住宅ローンの審査のカギ『返済負担率』とは?

不動産トピックス

マイホーム購入のためには、資金計画が成り立たなくてはいけません。多くの人が住宅ローンを利用することになりますので、住宅ローンの審査に通ることがマイホーム購入を大きく前進させるカギとなります。では実際のところ、金融機関は皆さんの審査をどのように行なっているのでしょうか。必ず審査される項目や、金融機関が重視するポイントを見ていきましょう。

返済に大きく関わる項目

住宅ローンの審査ではまず事前審査(仮審査)があり、そこを通過した人のみが本審査へ進むことになります。

まずは、勤務先、勤続年数など職業に関する項目です。

勤続年数に関しては、「同一勤務先に1年以上」などの最低基準を設けている金融機関もあります。一般的には勤続3年以上あれば安心、などとも言われますが、長期間であるほどポイントは高くなります。金融機関としては「安定性」「継続性」を一番重視するからです。

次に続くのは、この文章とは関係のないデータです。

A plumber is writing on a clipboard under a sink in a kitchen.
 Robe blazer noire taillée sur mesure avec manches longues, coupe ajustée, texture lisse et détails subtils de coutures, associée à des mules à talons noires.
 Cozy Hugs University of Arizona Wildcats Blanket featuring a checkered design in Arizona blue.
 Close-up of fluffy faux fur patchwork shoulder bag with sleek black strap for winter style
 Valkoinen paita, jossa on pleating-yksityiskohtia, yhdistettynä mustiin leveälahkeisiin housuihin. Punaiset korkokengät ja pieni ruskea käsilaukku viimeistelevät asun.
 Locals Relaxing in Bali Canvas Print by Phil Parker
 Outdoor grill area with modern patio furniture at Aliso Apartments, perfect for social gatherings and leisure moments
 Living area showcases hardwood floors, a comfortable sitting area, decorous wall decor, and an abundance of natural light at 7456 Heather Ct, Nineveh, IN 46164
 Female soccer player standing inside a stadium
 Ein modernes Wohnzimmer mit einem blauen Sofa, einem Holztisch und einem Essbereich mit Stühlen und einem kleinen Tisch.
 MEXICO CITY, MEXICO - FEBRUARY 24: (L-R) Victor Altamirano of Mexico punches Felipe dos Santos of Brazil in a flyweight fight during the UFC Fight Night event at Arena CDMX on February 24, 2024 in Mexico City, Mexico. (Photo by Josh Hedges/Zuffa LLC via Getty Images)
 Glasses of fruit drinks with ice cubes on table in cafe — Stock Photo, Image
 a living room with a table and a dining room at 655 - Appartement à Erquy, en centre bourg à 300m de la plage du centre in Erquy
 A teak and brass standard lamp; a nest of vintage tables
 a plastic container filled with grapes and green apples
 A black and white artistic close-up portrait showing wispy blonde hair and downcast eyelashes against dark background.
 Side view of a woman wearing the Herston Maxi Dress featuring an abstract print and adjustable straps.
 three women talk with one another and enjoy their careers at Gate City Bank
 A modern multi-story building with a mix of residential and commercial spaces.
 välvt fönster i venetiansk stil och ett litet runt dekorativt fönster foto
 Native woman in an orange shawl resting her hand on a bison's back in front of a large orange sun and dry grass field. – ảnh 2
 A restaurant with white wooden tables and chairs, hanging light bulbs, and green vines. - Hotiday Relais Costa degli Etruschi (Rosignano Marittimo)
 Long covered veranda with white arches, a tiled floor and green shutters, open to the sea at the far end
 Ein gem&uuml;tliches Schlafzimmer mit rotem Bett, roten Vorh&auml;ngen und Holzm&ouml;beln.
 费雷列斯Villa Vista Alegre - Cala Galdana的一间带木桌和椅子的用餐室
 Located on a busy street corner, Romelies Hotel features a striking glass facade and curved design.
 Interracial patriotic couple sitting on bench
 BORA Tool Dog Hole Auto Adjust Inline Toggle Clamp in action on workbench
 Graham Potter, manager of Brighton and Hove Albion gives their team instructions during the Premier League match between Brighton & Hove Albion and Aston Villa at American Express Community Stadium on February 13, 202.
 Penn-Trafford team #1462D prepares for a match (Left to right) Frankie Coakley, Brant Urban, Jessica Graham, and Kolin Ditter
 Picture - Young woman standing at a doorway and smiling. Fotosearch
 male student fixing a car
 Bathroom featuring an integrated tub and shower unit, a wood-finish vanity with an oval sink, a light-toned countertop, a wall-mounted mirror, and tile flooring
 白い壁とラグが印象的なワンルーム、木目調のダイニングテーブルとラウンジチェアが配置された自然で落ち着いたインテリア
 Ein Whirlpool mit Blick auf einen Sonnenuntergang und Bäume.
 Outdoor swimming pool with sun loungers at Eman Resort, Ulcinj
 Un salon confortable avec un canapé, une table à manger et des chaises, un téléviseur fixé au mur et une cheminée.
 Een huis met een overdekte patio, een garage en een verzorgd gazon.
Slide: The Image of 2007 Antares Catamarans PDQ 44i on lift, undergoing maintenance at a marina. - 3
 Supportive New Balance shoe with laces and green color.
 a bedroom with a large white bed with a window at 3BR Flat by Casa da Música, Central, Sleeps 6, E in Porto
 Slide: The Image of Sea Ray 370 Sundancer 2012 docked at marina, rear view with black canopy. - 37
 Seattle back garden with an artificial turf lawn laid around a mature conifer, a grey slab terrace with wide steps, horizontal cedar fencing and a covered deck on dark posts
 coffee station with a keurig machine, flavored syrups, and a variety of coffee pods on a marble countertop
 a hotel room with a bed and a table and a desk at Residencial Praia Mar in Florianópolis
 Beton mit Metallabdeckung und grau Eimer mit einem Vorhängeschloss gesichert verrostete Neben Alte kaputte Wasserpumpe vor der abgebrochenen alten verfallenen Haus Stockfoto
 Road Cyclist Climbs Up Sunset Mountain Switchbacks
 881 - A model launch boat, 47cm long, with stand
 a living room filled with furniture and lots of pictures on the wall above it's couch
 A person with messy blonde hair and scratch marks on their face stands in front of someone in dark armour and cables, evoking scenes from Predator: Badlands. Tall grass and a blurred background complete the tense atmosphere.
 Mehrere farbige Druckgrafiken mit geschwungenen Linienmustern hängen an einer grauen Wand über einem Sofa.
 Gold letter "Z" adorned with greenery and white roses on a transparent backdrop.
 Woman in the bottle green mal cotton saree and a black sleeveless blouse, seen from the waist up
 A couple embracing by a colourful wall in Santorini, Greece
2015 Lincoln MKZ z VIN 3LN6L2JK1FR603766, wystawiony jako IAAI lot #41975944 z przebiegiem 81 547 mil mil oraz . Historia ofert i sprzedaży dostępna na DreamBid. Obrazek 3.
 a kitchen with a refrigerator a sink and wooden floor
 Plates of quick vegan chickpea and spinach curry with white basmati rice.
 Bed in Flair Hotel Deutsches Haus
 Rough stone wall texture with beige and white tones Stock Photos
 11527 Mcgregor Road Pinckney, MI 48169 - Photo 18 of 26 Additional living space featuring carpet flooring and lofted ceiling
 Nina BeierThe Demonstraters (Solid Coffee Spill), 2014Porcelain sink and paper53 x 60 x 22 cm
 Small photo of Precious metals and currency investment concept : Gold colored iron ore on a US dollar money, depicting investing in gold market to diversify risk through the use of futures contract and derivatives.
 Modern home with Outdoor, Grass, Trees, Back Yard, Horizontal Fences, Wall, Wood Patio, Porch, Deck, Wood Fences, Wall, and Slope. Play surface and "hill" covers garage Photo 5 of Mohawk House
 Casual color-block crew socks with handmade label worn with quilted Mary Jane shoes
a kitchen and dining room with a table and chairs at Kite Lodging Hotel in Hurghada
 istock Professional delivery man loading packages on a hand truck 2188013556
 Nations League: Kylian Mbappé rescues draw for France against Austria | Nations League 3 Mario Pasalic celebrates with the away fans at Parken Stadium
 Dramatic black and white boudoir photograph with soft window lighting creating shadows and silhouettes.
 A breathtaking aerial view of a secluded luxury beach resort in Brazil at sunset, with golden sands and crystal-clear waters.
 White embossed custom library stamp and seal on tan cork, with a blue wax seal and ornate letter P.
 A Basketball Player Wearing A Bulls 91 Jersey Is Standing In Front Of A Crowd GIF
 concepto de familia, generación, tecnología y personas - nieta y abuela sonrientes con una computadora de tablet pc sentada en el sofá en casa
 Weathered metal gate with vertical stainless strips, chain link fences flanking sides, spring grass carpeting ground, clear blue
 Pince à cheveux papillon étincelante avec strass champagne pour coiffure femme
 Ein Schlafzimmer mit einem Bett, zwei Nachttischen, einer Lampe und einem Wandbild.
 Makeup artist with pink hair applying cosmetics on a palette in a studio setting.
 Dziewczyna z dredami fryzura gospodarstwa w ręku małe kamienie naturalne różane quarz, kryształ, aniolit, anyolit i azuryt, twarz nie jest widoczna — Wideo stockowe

転職して間もないと審査に通りにくい、という話も本当です。ただし、数ヶ月の給与実績(半年程度が理想)があれば割り戻し計算で年収を想定して、審査てくれる金融機関もあります。マイホーム購入と転職が重なる場合はヘッドハンティングなど明らかに年収がアップするケースを除き、計画的に行いましょう。

次に申込人の年齢です。

住宅ローンは最長で35年という長期間に渡り返済していきます。しかし、終わりが何歳になっても良いわけではありません。金融機関ごとに「完済年齢」も定められており、多くが80歳となっています。借入れ可能な期間は、単純計算で「80歳-現在の年齢」となります。80歳の誕生日までに完済など詳細ルールがありますので、「79歳ー現在の年齢」とする場合もあります。また、新築マンションなど完成までに時間がかかる場合は、借入時に何歳になっているかで計算されます。

ここで大きなターニングポイントを迎える年齢があります。最長35年が借入れ出来るのが45歳まで、ここからは1歳重ねるごとに34年、33年、と借入れ期間が短くなっていきます。借入れ年数が短くなるほど返済金額が高くなっていきますので、「住宅ローンは若いうちに始めた方がお得」などと言われるのはこうした背景があります。

最近では、40年や50年という超長期の住宅ローンを扱っている地方銀行も出てきました。20代30代といった若い世代には返済額が抑えられ、マイホームを購入しやすくなっています。

そして一番重要なのが年収金額です。金融機関は、その人の年収に応じた金額しか貸してくれません。借りたお金は返すのが当たり前ですが、当然ながら一定以上の金額は返せないのでここは明確な基準が設けられています。それが「返済負担率」と呼ばれるものです。

返済負担率はどう計算する?

住宅ローンの審査では1年間の収入、つまり年収金額を用います。会社員などいわゆる給与収入の人は、源泉徴収票を確認してみてください。この中で一番大きい金額、「支払金額」と書かれている欄の数字があなたの税込年収になります。

この年収に対して、1年間で支払う住宅ローンの返済金がどのくらいの割合を占めるかが問題となるのです。一般的には、融資可能な金額は税込年収に対して35%以内とされています。ただし、年収400万円未満の場合は30%以内などと段階的に基準を設けているケースも多くあります。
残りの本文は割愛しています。